=== TASK OBJECTIVE ===
Copy the material below verbatim from the line with "Licenciado en periodismo" to the line with "9,江南或岭南富庶之地,老大爷不买低速电动车,不是不需要,是孩子们不", both lines included, omitting pictures and every line outside that range.

=== RECORDS PROVIDED ===

····················

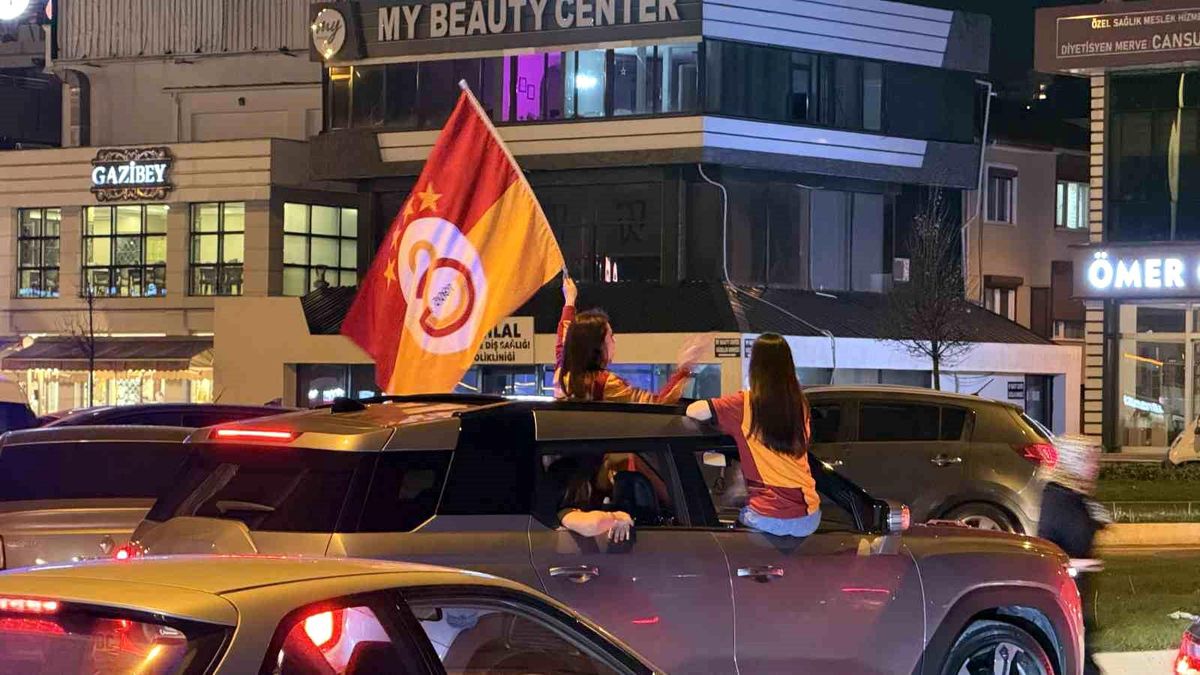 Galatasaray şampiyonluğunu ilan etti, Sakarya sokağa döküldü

····················

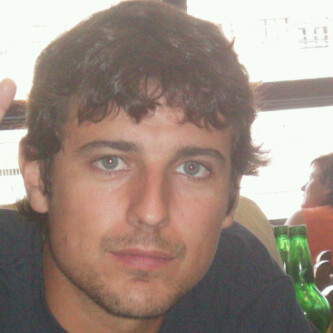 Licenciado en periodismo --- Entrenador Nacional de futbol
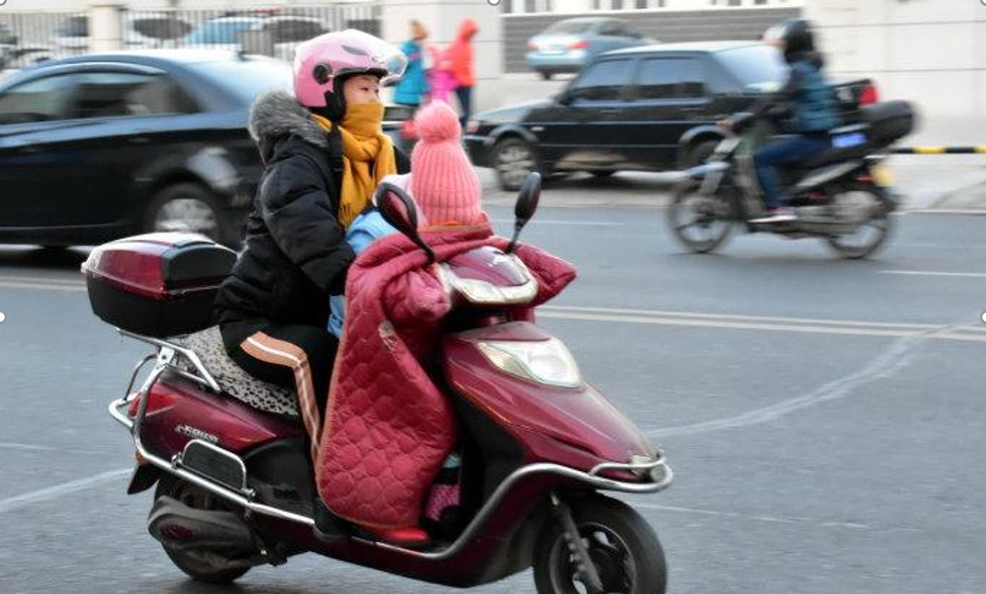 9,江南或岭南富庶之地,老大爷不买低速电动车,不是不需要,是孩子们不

····················

=== TASK RESPONSE ===
 Licenciado en periodismo --- Entrenador Nacional de futbol
 9,江南或岭南富庶之地,老大爷不买低速电动车,不是不需要,是孩子们不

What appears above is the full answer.